The shop, located at 14668 N. Del Webb Blvd., hosted Levine for about five hours. The store’s manager, Susan Slezak, said the idea for the appraisal event came together after a meeting with Levine.
“I hooked up with Josh because we needed help pricing some larger-value items,” she said. “And then we got to talking.”
Levine paid a visit to the store and happened to be there when a resident brought in a valuable painting.
“He was so excited,” Slezak said. “And that painting ended up selling at one of his auctions for $2,500, which is great, because of course those proceeds come back to Sun Health.”
Many of the community members who donate items talk about their treasured heirlooms, the valuables handed down through the generations, and so Slezak broached the idea of hosting an appraisal. Levine said he was happy to donate his time.
“I do about three of these events in the summer,” he said. “We’re just so swamped when the Snowbirds are here so the summer is the perfect time to get out in the community.”
Levine said he is often just as excited to appraise items as the people are to have their items appraised.
“I love it, because every time I do one of these, every time, I’m shocked by something,” he said. “Someone, at least once, will walk in with something I’d never expect to see.”
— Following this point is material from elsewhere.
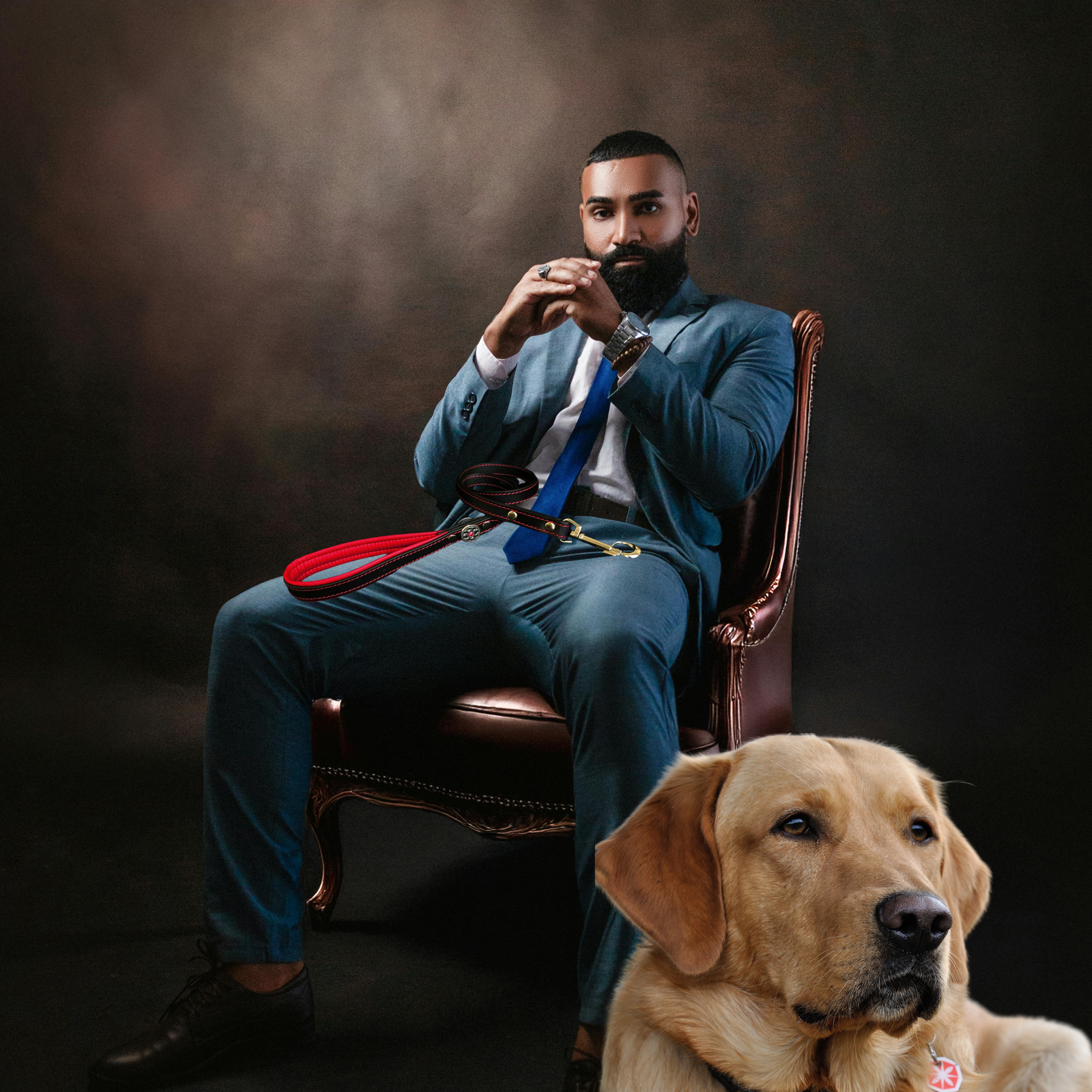 Bijou Leather Lead Red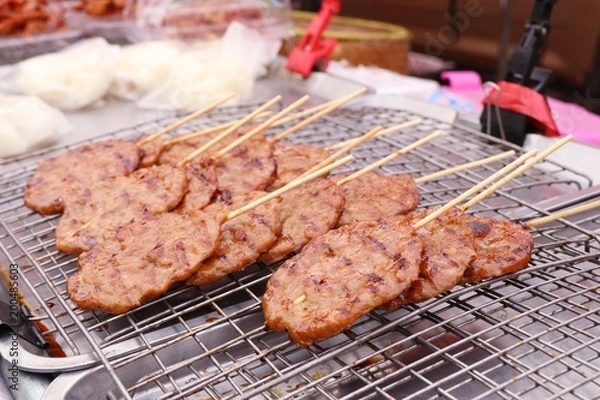 Fototapeta pork roast on street food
Just recently, he said, a person walked into an appraisal event with a dirk dating back to the 16th century. At another, someone presented him with a Gibson Girl painting worth about $6,000.
“If I could spend all my days doing these events, I would,” he said. “They’re that much fun.”
The job does sometimes require an appraiser to be tactful, he added, due to what he calls “price anchoring.”
“If mom told you this brush was worth $3,000, then to you and your family, it’s accepted as fact,” he said. “And so if you come in and I tell you it’s plastic, it’s worth maybe 10 bucks, you don’t want to believe me. You just have to be tactful in those situations.”
Levine said the reason he does not let things like that bother him is because of the variety, pure and simple. Every day he goes to work knowing there is a good chance he will be taken by surprise.
“I’ve been around antiques since I was born. My parents were collectors,” he said. “And still, each week, I see something I’ve never seen before. And the funny thing is, I’ll see something I’ve never seen before and then see three more of them by the end of the week.”
So was the event a success? Slezak said yes.
“There is definitely a lot of interest in the community for this,” she said. “We booked all the reservations in a few hours. We’ve been taking people’s names and putting them on a waiting list for the past couple of weeks.”
If Levine is game, Slezak said she would like to make the appraisal events a regular thing.
“Maybe one in the spring and one in the fall, or whatever works for him,” she said. “It’s great for us because people are clearly interested in it, and it gets them in the store.”